Court sides with citizens
Milan won its case in the trial court. Orange Citizens appealed the decision, but the Appellate Court upheld the ruling in favor of the developer. Orange Citizens then took its appeal to the state Supreme Court and the justices agreed to hear the case. In December 2016, the Supreme Court ruled unanimously in favor of the residents and directed the lower courts to adjust their decisions.  The Fourth Appellate District Court reversed its ruling in March 2017. It found that “no issues remained” for the lower trial court except to “determine costs and fees” to be recovered by the plaintiffs, and paid by Milan Capital.

Despite the Appellate Court ruling, Milan’s attorneys returned to the trial court arguing that there were issues yet to resolve, including the company’s claim that there were irregularities in the 2012 referendum.  Orange Citizens’ attorneys have filed a motion asking the trial court to dismiss Milan’s argument and enter a judgment according to the Appellate ruling.
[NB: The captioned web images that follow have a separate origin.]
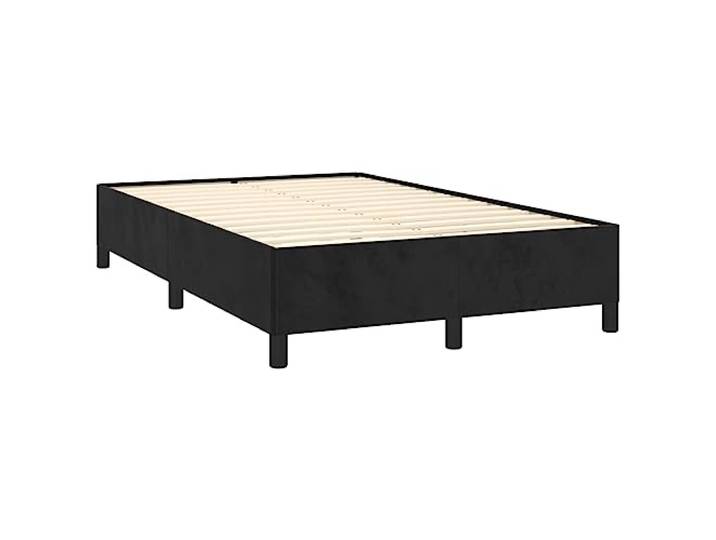 KTHLBRH Bettgestell ohne Matratze Schwarz 120 x 190 cm Samt Gepolstertes Bettgestell, Lattenrost aus Sperrholz, stabile Beine, 100 % Polyester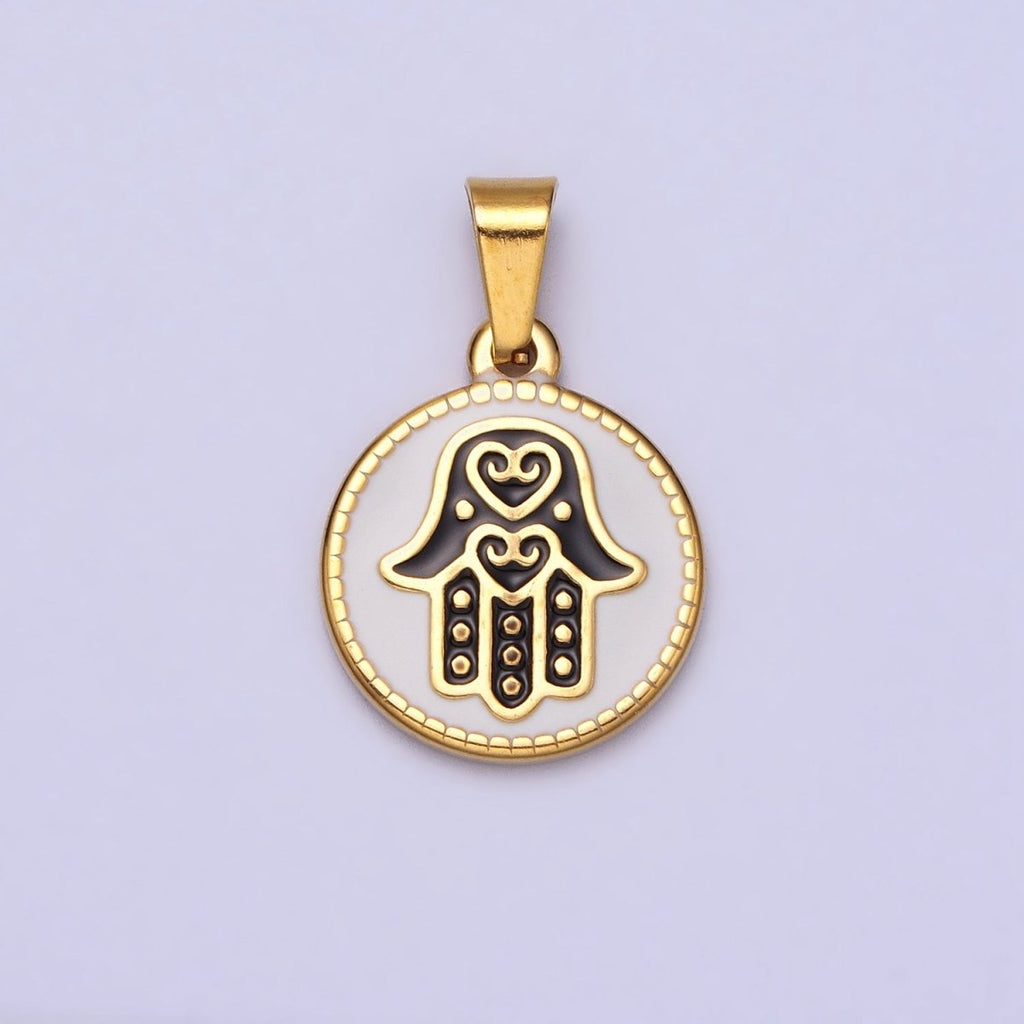 Stainless Steel Black Hamsa Hand White Enamel Round Pendant in Gold & Silver J-655 J-659 - DLUXCA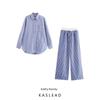 Kaslead New Arrival Women's Fashion Style Fashion Minimalist Stripes Casual Shirt Top and Trousers Suit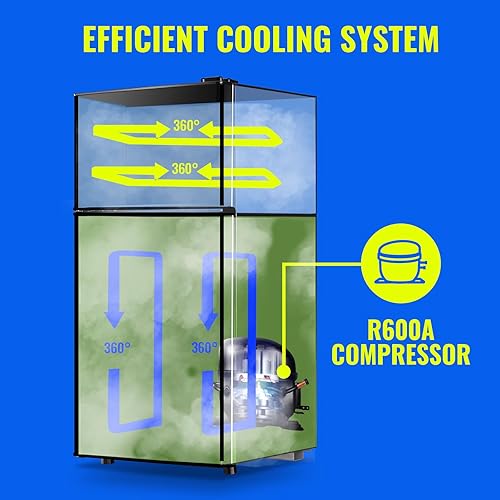 Miniatura 8 de Mini refrigerador de 2.4 pies cúbicos de doble puerta con congelador tamaño apartamento refrigerador para personal Senven Temp Gear Negro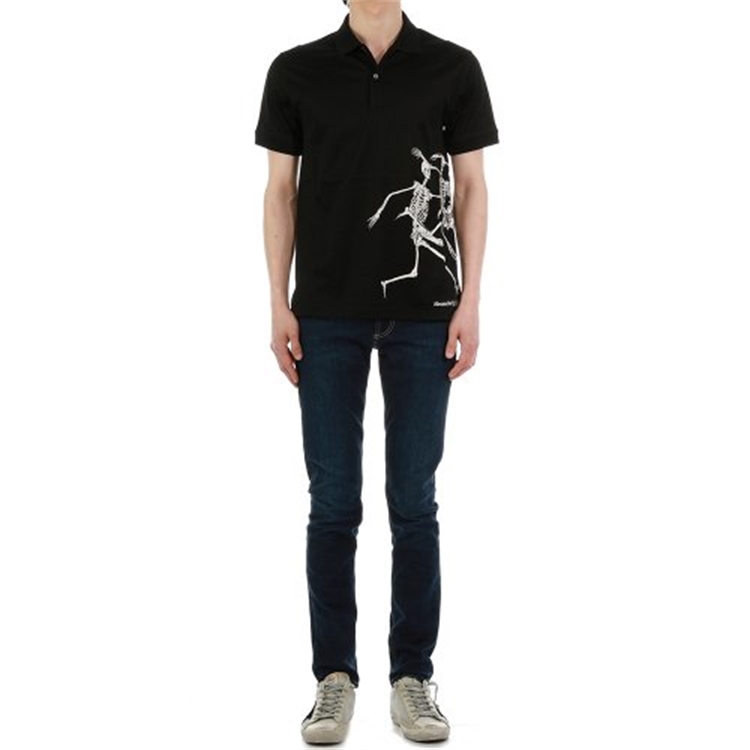 Details for Alexander McQueen FW21 Kemeja Polo Lengan Pendek Cetak Skull Hitam 662555-QRZ80-0901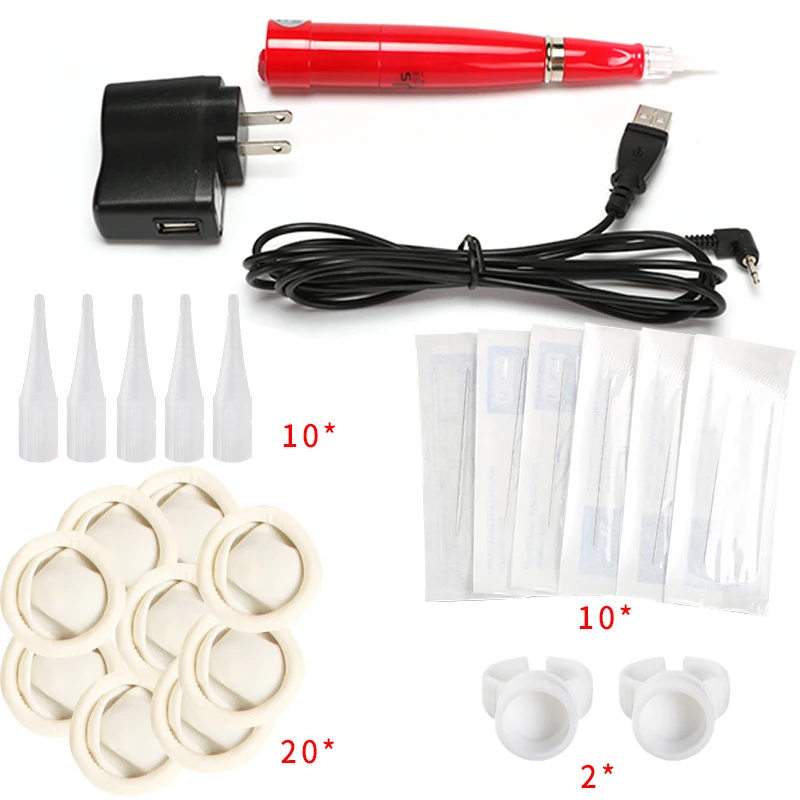 

Wireless Permanent Makeup Machine Micropigmentation Charging Plug-in Dual Light PMU Kit Set Microblading With 1R 10pc Needles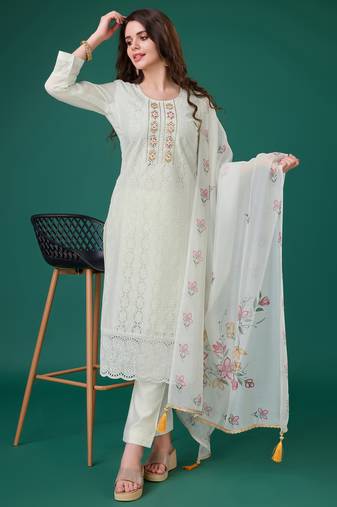  off-white chanderi silk bored schiffli embroidered chikankari kurta with pant & dupatta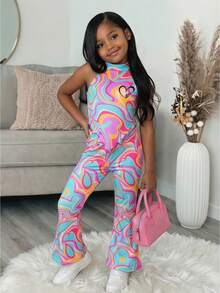 Bộ quần áo trẻ em gái in hình bướm và trái tim nhuộm tie-dye, áo dệt kim hở lưng phối cùng quần ống loe, bộ quần áo trẻ em gái, bộ quần áo trẻ em gái. - Nhiều màu - Xem 1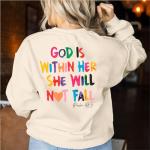 VILOVE Christian Sweatshirt: God Within Her Inspirational Blouse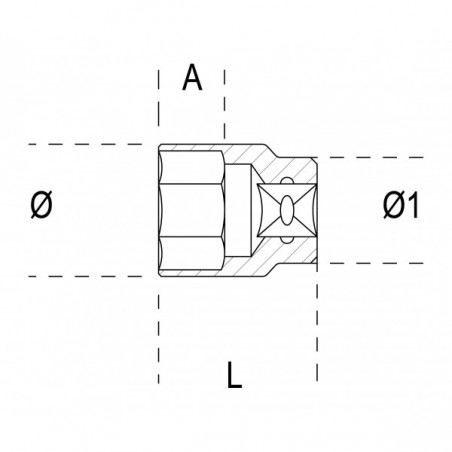 CHIAVE A BUSSOLA ESAGONALE A MANO 1" ATTACCO QUADRO FEMMINA 55 MM 929/55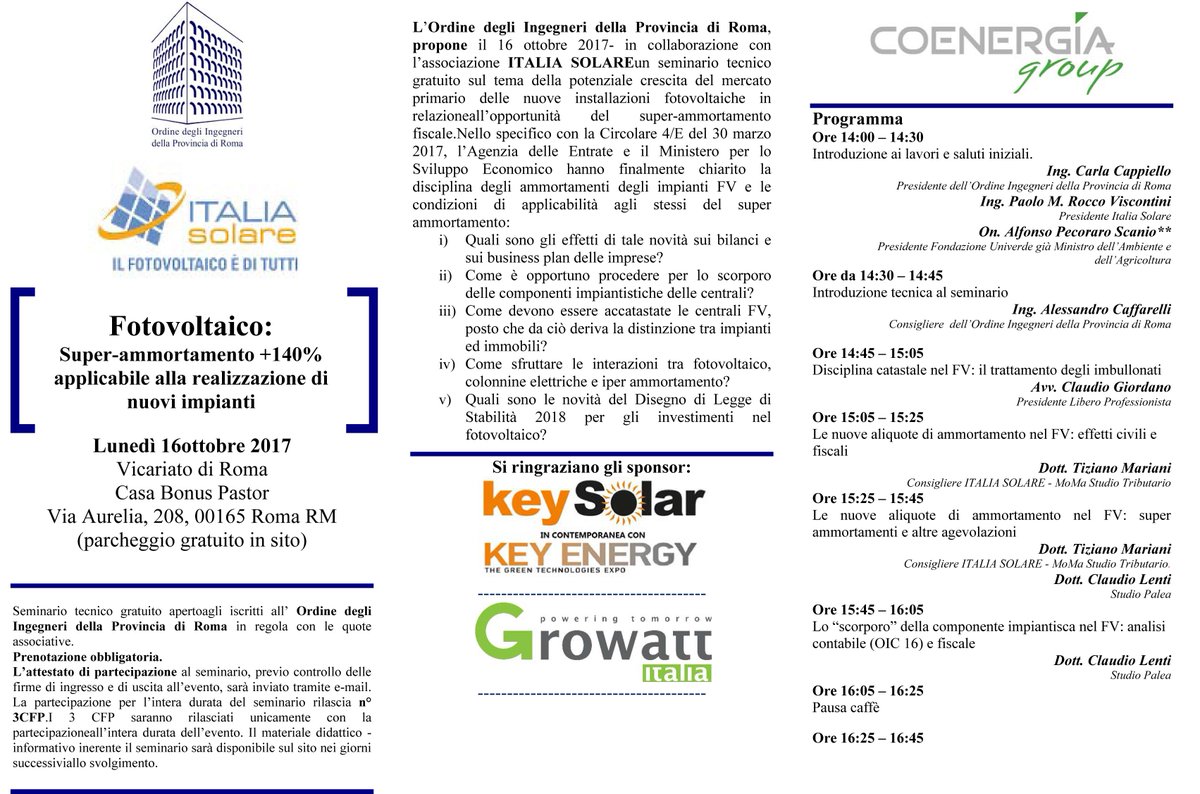 16 OTT h14 introduzione seminario <a href="/ordineingegneri/">Ordine degli Ingegneri della Provincia di Roma</a> <a href="/italia_solare/">Italia Solare</a> su potenziale crescita mercato primario nuove installazioni fotovoltaiche.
They will thereafter file a motion to recover Orange Citizens’ attorney fees under California’s Private Attorney General Statute.

There is no apparent linkage between the proposed development and the referendum litigation, but Milan’s claim of “irregularities,” and its delay in paying Orange Citizens’ attorney fees are muddying the waters.  

Hidden agenda?
“We really don’t understand their end game, as the courts couldn’t be clearer,” OPA President Don Bradley said.  “The referendum succeeded.  Ridgeline remains open space and the general plan must be followed.  The only issue that remains is costs and attorney fees.” 

Milan is seeking acquiescence on its Sully-Miller project from the same people who sued it over Ridgeline. Like Ridgeline, the site falls within the purview of the OPA Specific Plan.   The City of Orange General Plan labels it “sand and gravel” or “open space.”  As it stands, the current zoning designation allows Milan to build about 25 homes.

Milan presented four versions of its 50-acre, 150-unit plan to the community at a Notice of Preparation (NOP) meeting in March.  A fifth version, allowing for 25 acres of development, was recommended by the City of Orange Sully-Miller Liaison Committee and included in the mix.  Over 100 residents from OPA, Mabury Ranch, The Reserve and surrounding neighborhoods attended the meeting.   They were asked to identify the plan they favored.  The lower density liaison committee plan was the crowd favorite.  The City of Orange received over 100 responses to the NOP, none of them favorable to the 150-unit Milan proposal.